Astute readers may point out that there's other ways of doing this - mmap, simply embedding the unique seed or a uuid - well, this story isn't about that, is it?

In any case, I suspected the "data = ' '.join(word_q)" line was the culprit - deque is pretty optimized, and I had removed a massive chunk of code which didn't make sense, and in fact, cProfile showed I was right:

woot:synthfiles jesse$ python -m cProfile synthfilegen.py
         2441475 function calls in 203.791 CPU seconds

   Ordered by: standard name

   ncalls  tottime  percall  cumtime  percall filename:lineno(function)
...snip...
   610352  180.282    0.000  180.282    0.000 {method 'join' of 'str'  objects}
...snip...

180 out of 203 cpu seconds, on the join alone. Curses! So this is when I really went mental (this is what happens when you're too close to something). I decided that I needed to find some magical way of skipping the join and only reading what I needed. I ran down that rathole for a bit, until a friend of mine point out "just make the words bigger".

Full stop. I initially discounted it, I was zeroed in on that join - oh wait. The text in the lorem file when split on whitespace is 4368 words. Joining those back together within the loop is expensive - that much I knew. I hit on the idea that if instead of considering them words, I thought of them as chunks (which is how I was treating them).

I added a method (process_chunks) which treated the data source as chunks of bytes and made the WORDS variable a list of those chunks. Initially, I set the chunk size to 100 (bytes) and here's the cProfile output:

woot:synthfiles jesse$ python -m cProfile synthfilegen.py
         2441766 function calls in 51.549 CPU seconds

   Ordered by: standard name

   ncalls  tottime  percall  cumtime  percall filename:lineno(function)
...snip...
   610352   29.712    0.000   29.712    0.000 {method 'join' of 'str' objects}
...snip...

And now the generator is kicking data out at 2.34 gigabits. Huge success. Obviously, if you increase the chunk size, it speeds up a bit more (e.g. 300 byte chunks is about 2.5 gigabits/second).
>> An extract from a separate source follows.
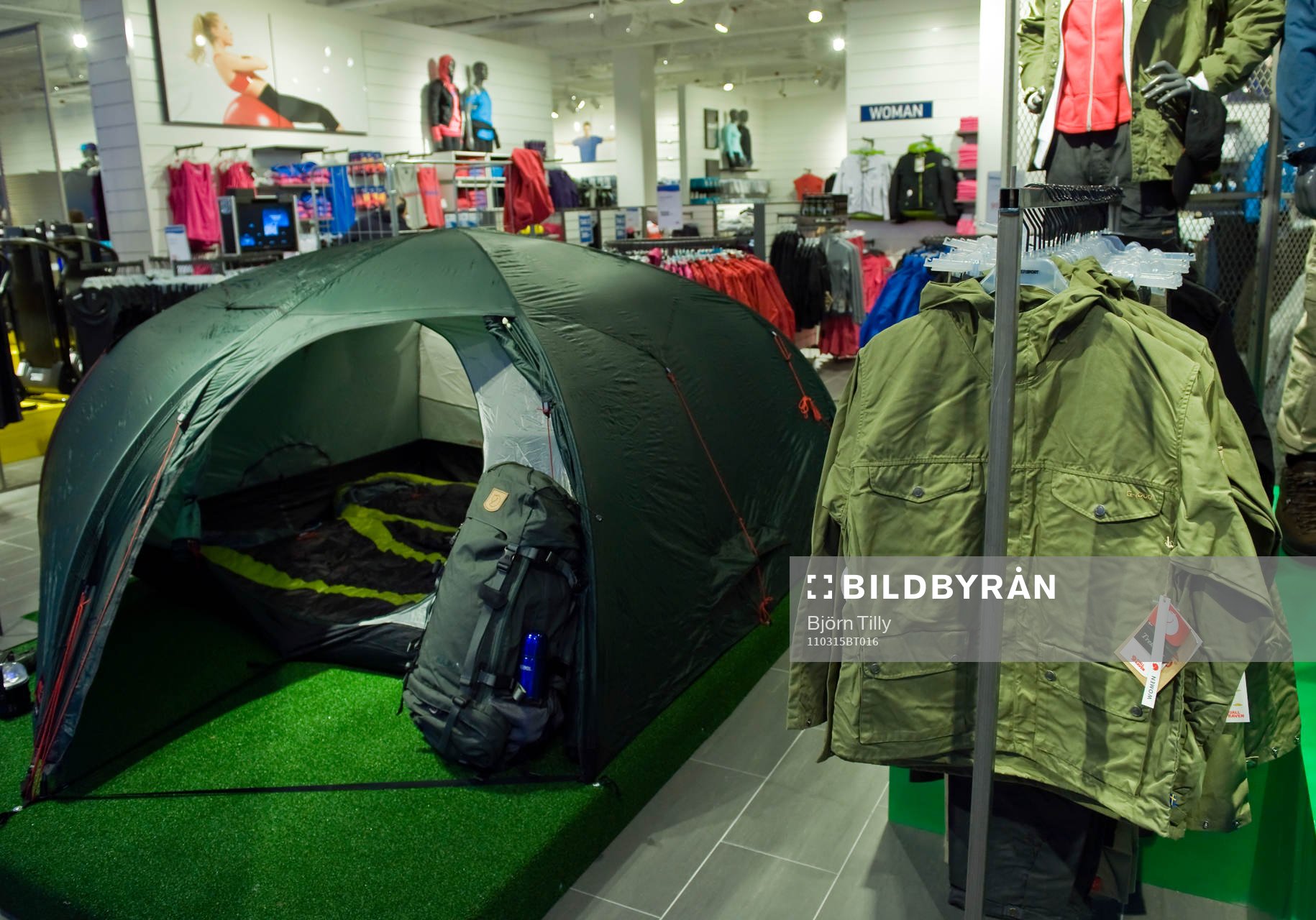 Outdoor, Intersport. Butik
I cleaned it up a bit and here is the code: (thanks! bitbucket.org). Note that the speeds I'm discussing are passing the SynthFileObject to a pycurl handle and streaming it across the wire: not to disk.
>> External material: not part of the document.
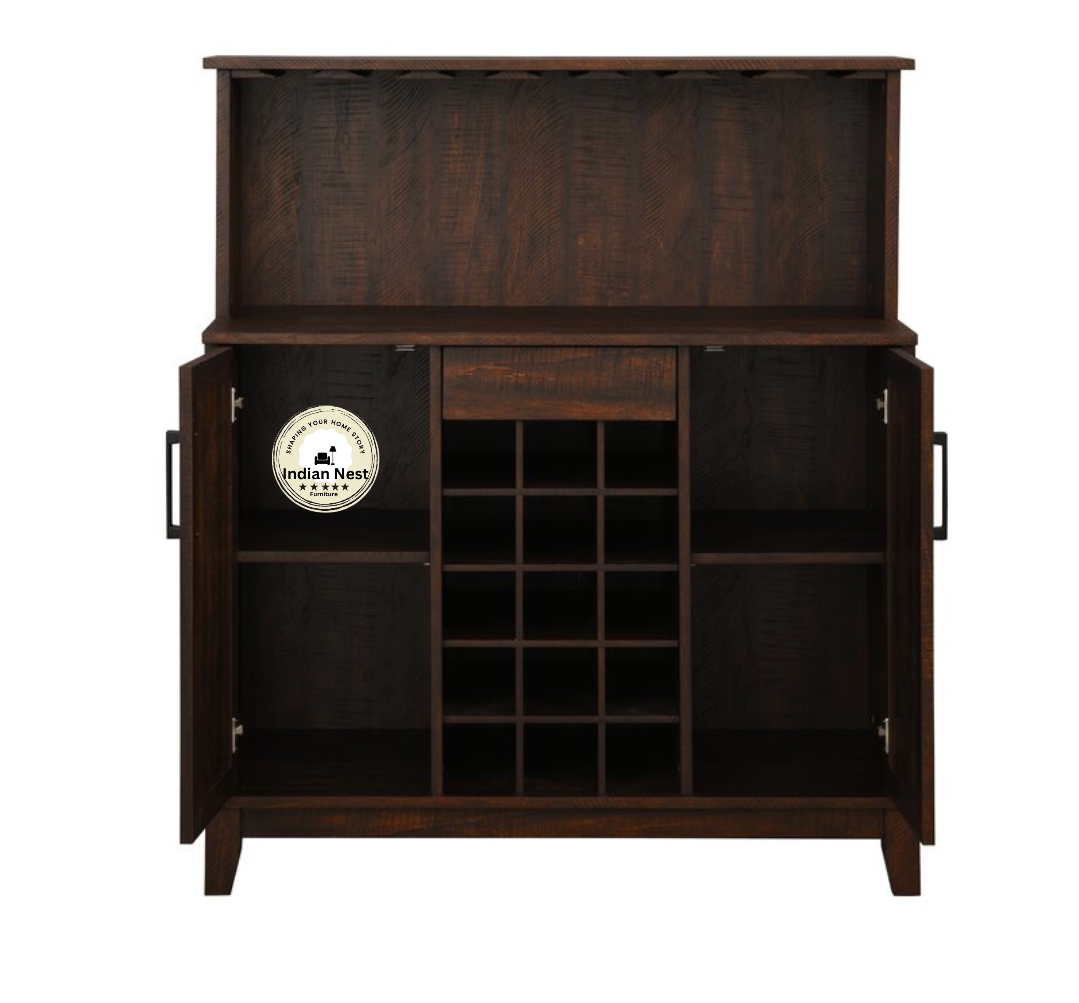 Wooden Eastern Bar Counter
All told, it was a fun little jaunt, and I've succeeded to make something which I considered "throwaway" into something that's a lot more useful, clean and fast. I've added a handful of unit tests to my sandbox, and I might make this a real module if anyone wants it. I want to rework the _process_chunk/globals stuff, but I farted around with this long enough for now. I also want to add the ability to remove the chunking altogether and simply insert the seed into the data response, and not mess with the lorem text.

edit: I just checked in a new version which removes the _process_chunks function and other globals and moves them into a class. I hate globals.